====== RECORDS SUPPLIED ======
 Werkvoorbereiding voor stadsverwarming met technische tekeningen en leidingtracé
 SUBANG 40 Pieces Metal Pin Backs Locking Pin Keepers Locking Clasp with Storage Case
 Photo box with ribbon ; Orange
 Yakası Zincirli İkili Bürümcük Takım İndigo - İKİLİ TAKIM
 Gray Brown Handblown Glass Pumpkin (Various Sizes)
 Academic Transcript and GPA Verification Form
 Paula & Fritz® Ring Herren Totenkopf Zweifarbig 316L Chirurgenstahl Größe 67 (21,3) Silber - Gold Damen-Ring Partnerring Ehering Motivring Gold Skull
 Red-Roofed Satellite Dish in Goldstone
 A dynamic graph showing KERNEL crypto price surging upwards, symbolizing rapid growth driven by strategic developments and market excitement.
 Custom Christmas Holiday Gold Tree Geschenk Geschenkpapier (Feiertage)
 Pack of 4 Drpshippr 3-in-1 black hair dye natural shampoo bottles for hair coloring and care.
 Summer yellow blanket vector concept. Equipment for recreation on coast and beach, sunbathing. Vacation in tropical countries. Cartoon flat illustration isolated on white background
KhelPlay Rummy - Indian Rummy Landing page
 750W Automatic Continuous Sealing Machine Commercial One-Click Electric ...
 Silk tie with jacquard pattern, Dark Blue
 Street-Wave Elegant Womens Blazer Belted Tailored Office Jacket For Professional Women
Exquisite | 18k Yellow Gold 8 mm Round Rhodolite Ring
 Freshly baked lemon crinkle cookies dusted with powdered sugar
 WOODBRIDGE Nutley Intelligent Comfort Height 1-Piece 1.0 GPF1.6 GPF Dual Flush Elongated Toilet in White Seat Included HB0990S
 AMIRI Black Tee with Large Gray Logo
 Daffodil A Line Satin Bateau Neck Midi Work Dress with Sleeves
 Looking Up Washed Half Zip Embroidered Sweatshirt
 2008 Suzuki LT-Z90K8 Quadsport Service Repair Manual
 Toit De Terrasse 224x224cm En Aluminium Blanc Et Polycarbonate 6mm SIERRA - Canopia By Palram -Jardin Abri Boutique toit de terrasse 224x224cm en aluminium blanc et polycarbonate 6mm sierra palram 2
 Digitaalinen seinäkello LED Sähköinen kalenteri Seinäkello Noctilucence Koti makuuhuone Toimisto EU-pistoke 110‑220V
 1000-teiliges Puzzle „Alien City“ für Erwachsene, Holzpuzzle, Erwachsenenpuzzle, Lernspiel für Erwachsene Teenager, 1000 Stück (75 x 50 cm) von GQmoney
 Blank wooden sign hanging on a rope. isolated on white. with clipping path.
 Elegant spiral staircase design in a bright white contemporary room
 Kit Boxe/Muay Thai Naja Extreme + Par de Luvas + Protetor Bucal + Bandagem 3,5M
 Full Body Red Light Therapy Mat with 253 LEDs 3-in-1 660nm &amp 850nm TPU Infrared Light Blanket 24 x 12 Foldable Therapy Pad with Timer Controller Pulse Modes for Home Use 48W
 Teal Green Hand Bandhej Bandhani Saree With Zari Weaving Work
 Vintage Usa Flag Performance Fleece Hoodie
======
> **TO DO**:
Scan the data, and report each line that uses the word "Work".

> **PROBLEM SOLUTION**:
 Daffodil A Line Satin Bateau Neck Midi Work Dress with Sleeves
 Teal Green Hand Bandhej Bandhani Saree With Zari Weaving Work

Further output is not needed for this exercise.